素粒子論 Particles Theory
14. 素粒子の世界 the World of Particles

白田英雄

19世紀までには、物質を構成している原子というものを考えて周期表のように配列してみるとその物質の性質がよく見えてくる、ということがわかってきていました。
それでは原子こそが物質を構成している根源粒子なのでしょうか?
第6回で説明しましたように、20世紀初頭にはラザフォードの実験を通して原子に内部構造があることがわかってきていました。中心に核となるものがあり、その周囲に電子が分布しているというものです。
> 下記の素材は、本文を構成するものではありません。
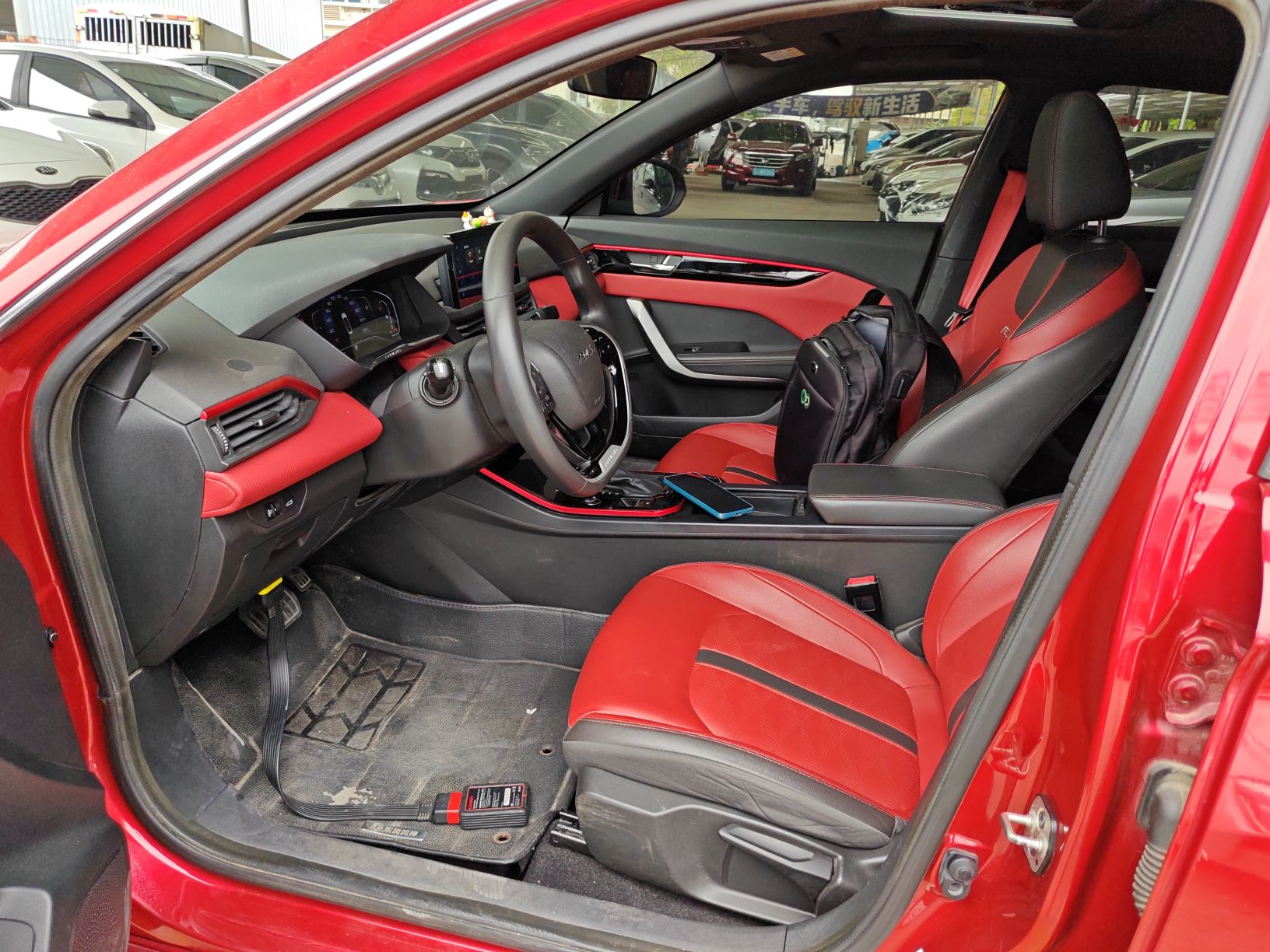 المقاعد الأمامية داخل السيارة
さらに、同位体の研究などの成果から、その核(原子核)はプラスの電荷を持つ陽子と電荷を持たない中性子からできていて、原子核の電荷は陽子の個数によっていて、原子核の重さは陽子と中性子のトータルの数から来てるということがわかりました。

陽子や中性子などは原子核を形作るさらに根源的な粒子ということで素粒子と呼ばれています。電子も素粒子のひとつです。
日本初のノーベル賞受賞者である湯川秀樹が登場するまで、世界で知られている素粒子はこの陽子と中性子と電子だけでした。
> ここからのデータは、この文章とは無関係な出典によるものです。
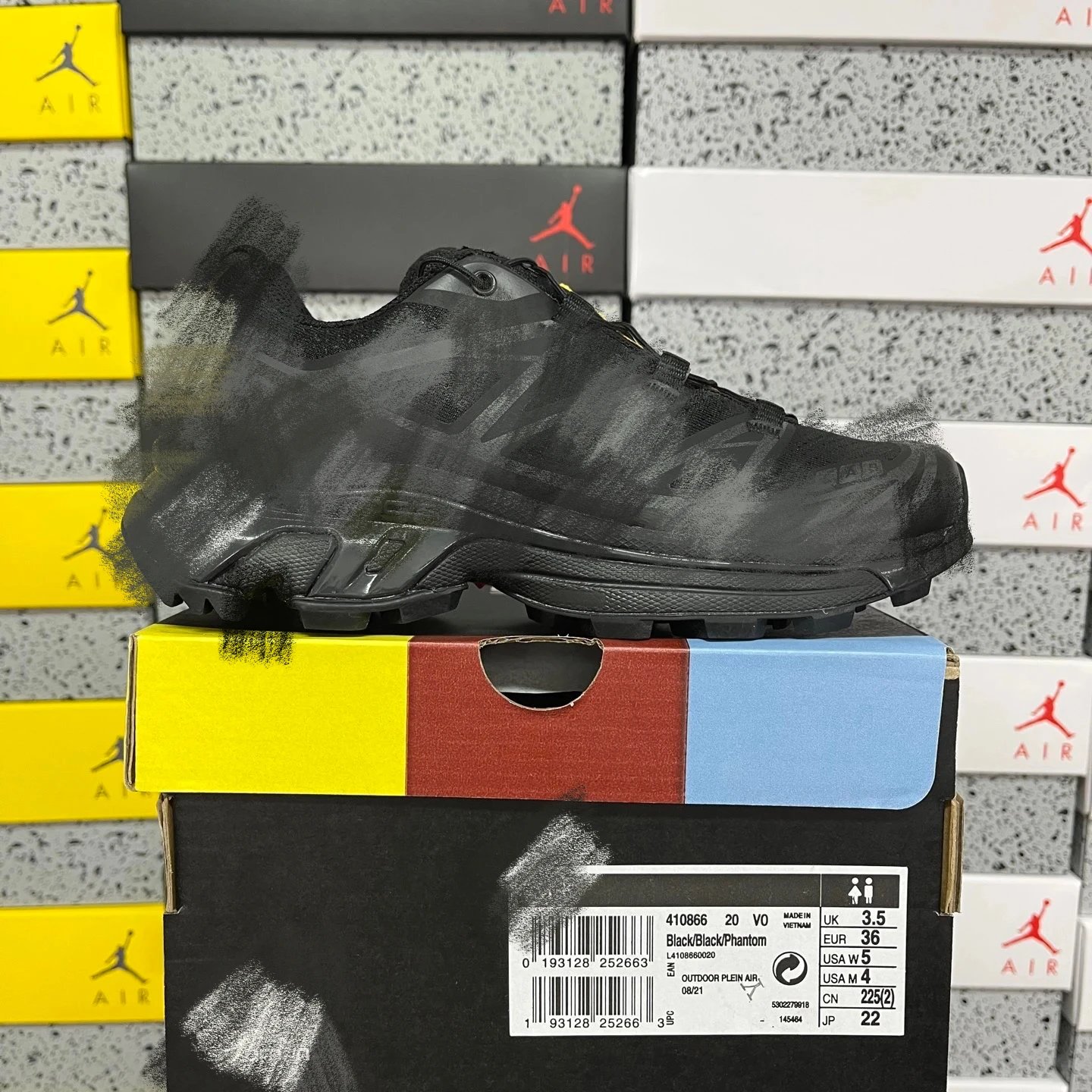 410866 Black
ところで湯川は疑問を持っていました。原子核にはプラスの電荷の粒子と電荷を持たない粒子しか集まっていないので、普通に考えたら電気的にばらばらになってしまう危険性を持っています。ところが、不安定な放射性同位体はともかくとして、大抵の原子核は安定して存在しているのです。
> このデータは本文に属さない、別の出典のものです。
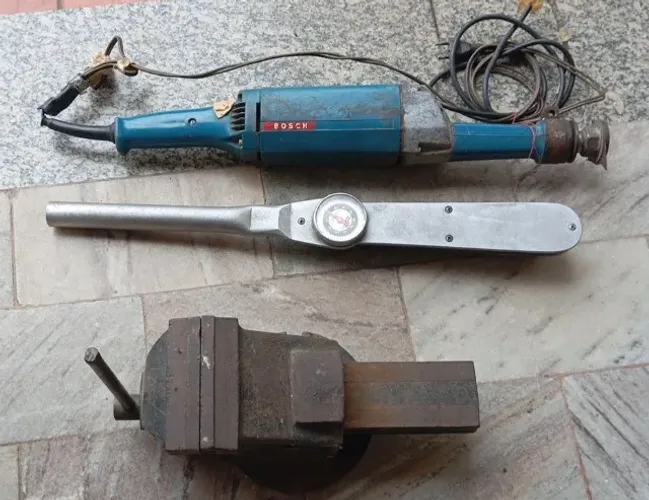 EQUIPAMENTOS DE OFICINA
湯川は電子と陽子の中間的な重さを持つ素粒子である中間子を導入することで、この問題を切り抜けることに成功しました。原子核の中の陽子と中性子は互いに中間子をキャッチボールして、それによって結合していると説明したのです。

実はこのキャッチボールするという考えはなにも素粒子論だけの専売特許ではなくて、化学の世界でも使われている概念だったりするのです。原子同士の共有結合がそれです。例えば水素原子はふたつくっついて水素分子になるのですが、普通に考えると中性の原子同士が寄りそってもくっつくとは考えにくいです。ところが、自分の持っている電子を相手にも共有させることで、全体のエネルギーが下がり、いっしょにくっついてる方が安定して存在できるようになるのです。これが共有結合です。
中間子の場合も似たような現象となります。陽子と中性子で中間子を共有していると、共有していないときよりも全体のエネルギーが低くなるのです。物理現象はエネルギーが低い方向へと流れるという傾向があるものですから、原子核はひとつにまとまって存在することができるようになるのでした。
湯川の中間子論の発表の後間も無く、アンダーソンは宇宙から飛来する宇宙線の中から質量が電子と陽子の中間の粒子を発見しました。物理学会は大騒ぎとなりました。
その後の調査で、アンダーソンが発見したのはμ粒子(古くはμ中間子と呼ばれていた)という別の粒子であることが判明しましたが、ほどなくして、湯川の予言したπ中間子も実験で発見することができたのでした。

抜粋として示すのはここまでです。